BUILDING A SAAS PLATFORM BASED ON REACTIVE ARCHITECTURE
Pursuing to attend modern demands on robustness, resilience and flexibility we as software engineers face challenges day by day to implement and maintain systems that are often critical for your business operations. So many times, we encounter ourselves in a challenge that we must maximize value to our customers with fewer resources to encounter more efficient in terms of business while provides a good user experience and supporting accordantly business operation with a reliable system.

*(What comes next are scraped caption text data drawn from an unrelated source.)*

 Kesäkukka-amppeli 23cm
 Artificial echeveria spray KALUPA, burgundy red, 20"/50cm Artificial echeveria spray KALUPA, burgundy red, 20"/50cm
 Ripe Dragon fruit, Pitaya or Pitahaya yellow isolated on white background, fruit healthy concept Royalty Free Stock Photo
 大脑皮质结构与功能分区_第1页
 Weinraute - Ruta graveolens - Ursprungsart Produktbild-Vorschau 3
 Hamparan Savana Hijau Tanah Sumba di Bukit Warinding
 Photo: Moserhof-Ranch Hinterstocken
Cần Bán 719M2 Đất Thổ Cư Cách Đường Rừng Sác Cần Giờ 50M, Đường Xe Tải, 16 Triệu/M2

In one of these challenging days working on a legacy Logistics Software that supports a critical manufacturer operation, we had to provide the same solution for any other possible customer that requires our services. But we knew that the effort to replicate the same software bringing all its architecture for every new customer will make the technical effort increase dramatically and its operation effort increase even more.

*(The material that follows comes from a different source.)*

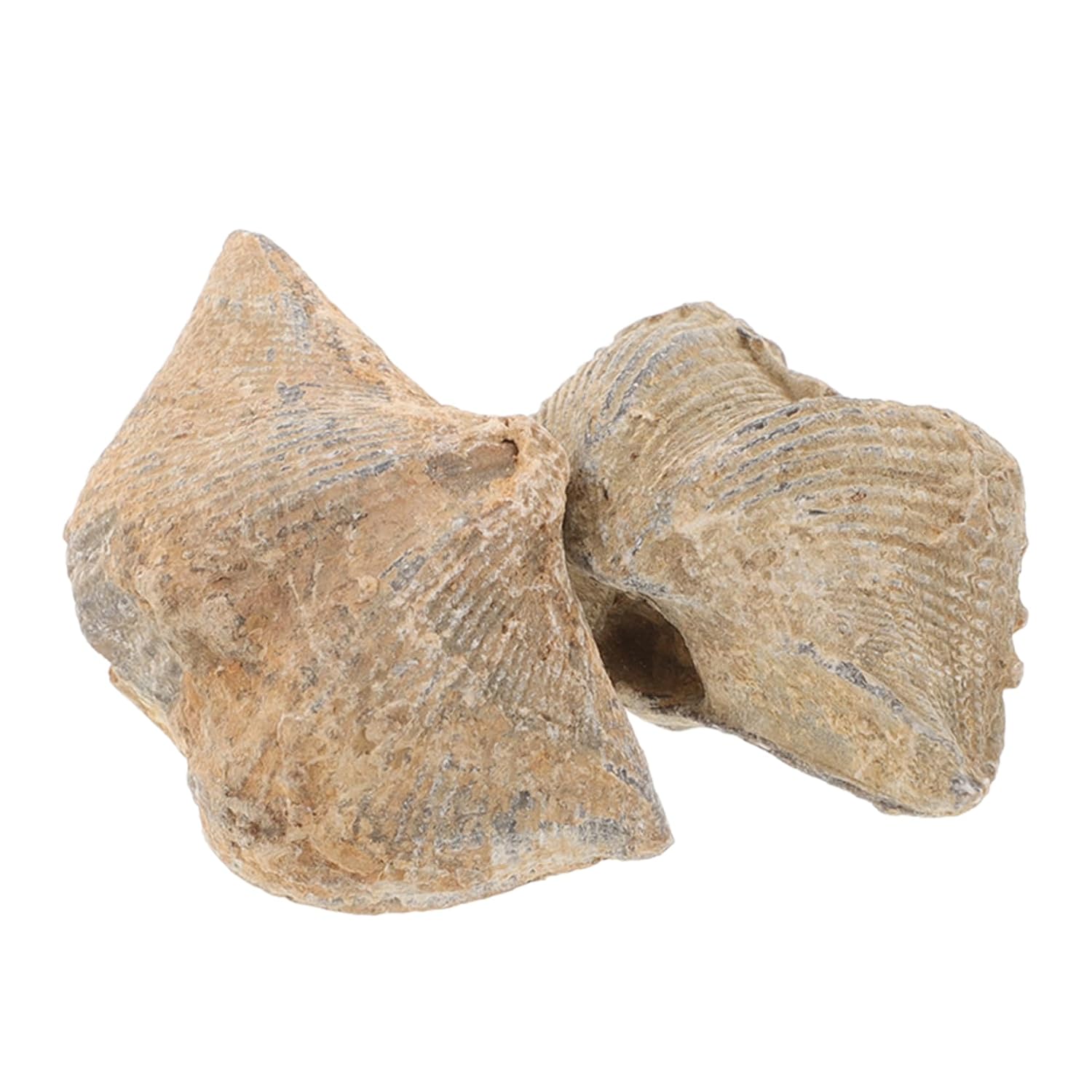 Natural Specimen Set, 2pcs Marine Teaching Decoration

That effort represents costs, and increasing costs means that new businesses are unfeasible because it offends the business plan, causing a company to lose many opportunities if it pursues that market share. A Software Architecture that was not properly design to attend the requirements will impact the code quality and the reliability of the entire system.
We as software engineers read before about Reactive Architecture and were aware about all advantages that meets exactly with what we needed.

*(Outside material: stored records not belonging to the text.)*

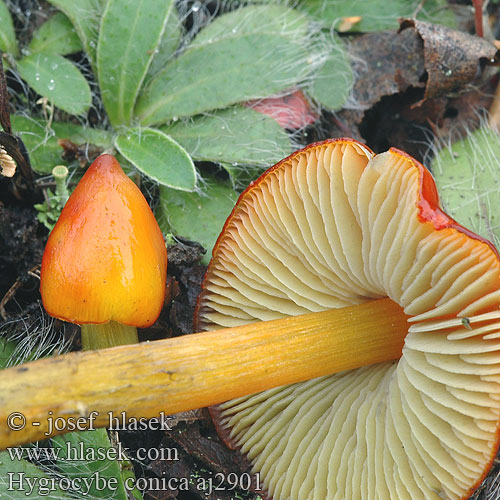 Hygrocybe conica ヤケノアカヤマタケ（ Kúpos nedűgomba Kjeglevokssopp Гигроцибе коническая чернеющая Cone-shaped Waxy Cap Koničasta vlažnica Crveno-crna vlažnica Toppvaxing Šťavnatka kuželovitá Voskovka Schwärzender Saftling Wilgotnica czerniejąca Kegeliger Saftling Hygrophore conique Chapelle bois Lúčnica kuželovitá Zwartwordende wasplaat Kartiovahakas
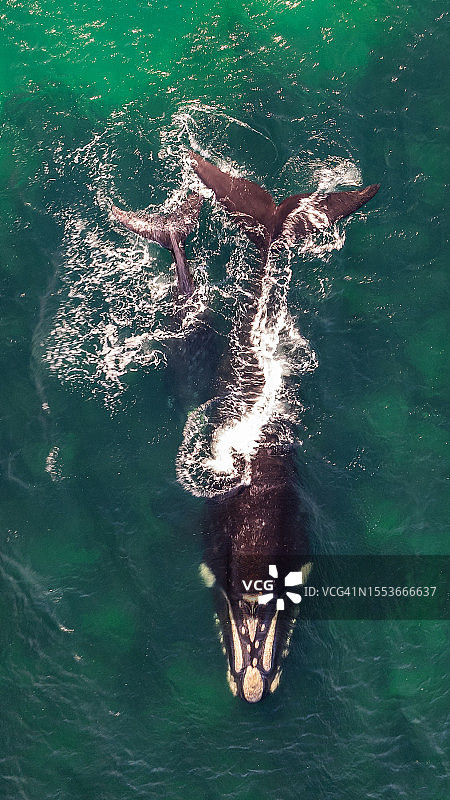 座头鲸在海中游泳的高角度照片图片素材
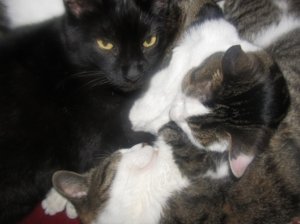 meow.jpg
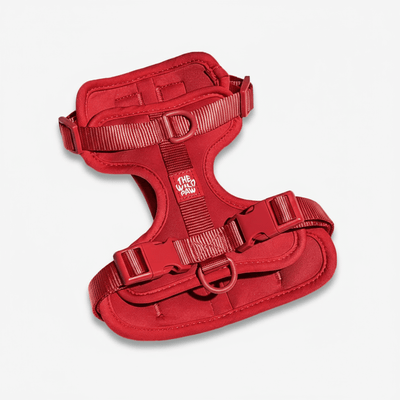 AdventurePro Harness Harness The Wild Paw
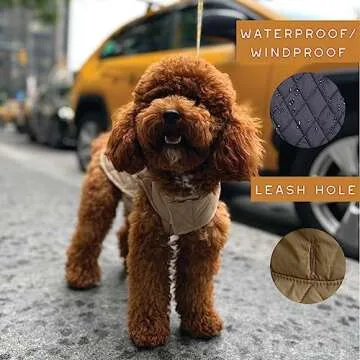 Newbury Waterproof Reversible Dog Winter Coat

In this paper we want to tell how it was, pointing the challenges in our journey and how we overcome successfully all of them.
As a Logistics system, the system has to deal with complex chain of processes in order to provide a consistent data at the end to the manufacturer operation that need to monitor all warehouse outcomes that gives a clean vision of what is in transit or what has been delivered in time or not of every truck or plane travel. The original solution has been based in a set of working jobs that receives data from shipping companies and manufacturer ERP in a certain flow that the system applies business logics to input data and return as input to another scheduled job that will determine if the invoice has been issued correctly and grouped well in shipping process then how it was dispatched and so on.
Following the above scheme, the system was able to queue the data incoming to process chain and at the same time, providing resilience in case you need to reprocess one stage of the process.
But the scheduled job has a cycle, once a new data income the process would take a long time until finish through all the chain.
Also, the entire queue is based on a data base recording data that will not be used as result being completely dismissing requiring a purge in a period. The I/O time is another unnecessary point being another opportunity for improvement. For this purpose, that is to organize processes input, you don’t need a relational data base consistency.
Another point, related to scalability, in case you need to scale these processes for another manufacturer will be another pain because you need to bring the hole RDBMS along because many of the business logics purpose is inside of the data base.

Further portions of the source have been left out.